**WORK REQUEST:** No pictures belong in the copy. Set down exactly the lines from the one that contains "Steampunk Themed Button Down Haywain Shirt" through the end of the data.

**STORED DATA:**
============================================================

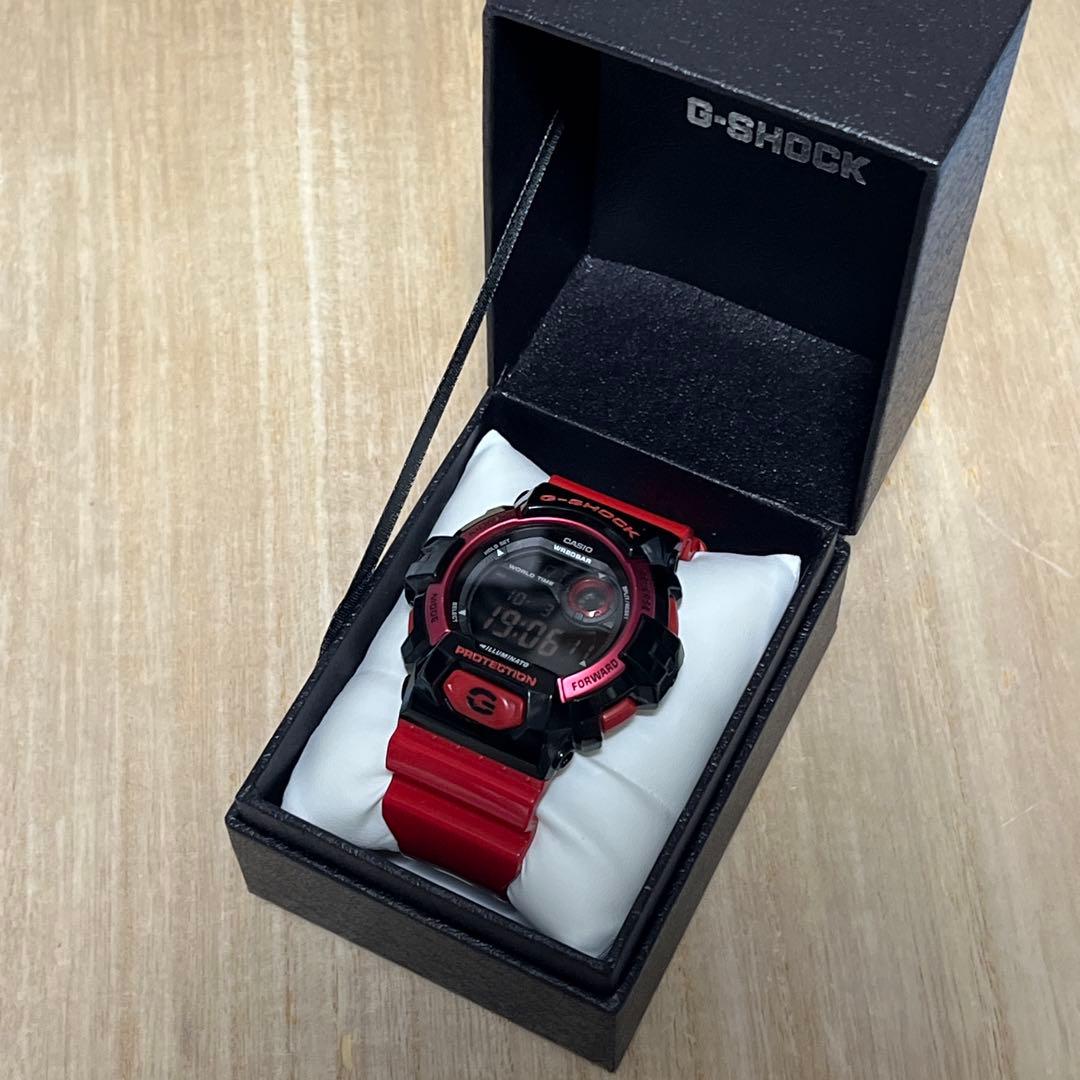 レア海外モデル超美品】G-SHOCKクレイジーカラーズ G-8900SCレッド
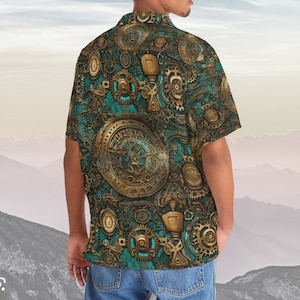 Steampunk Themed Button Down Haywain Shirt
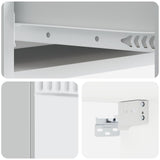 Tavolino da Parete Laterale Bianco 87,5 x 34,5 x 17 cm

============================================================

**ANSWER:**
 Steampunk Themed Button Down Haywain Shirt
 Tavolino da Parete Laterale Bianco 87,5 x 34,5 x 17 cm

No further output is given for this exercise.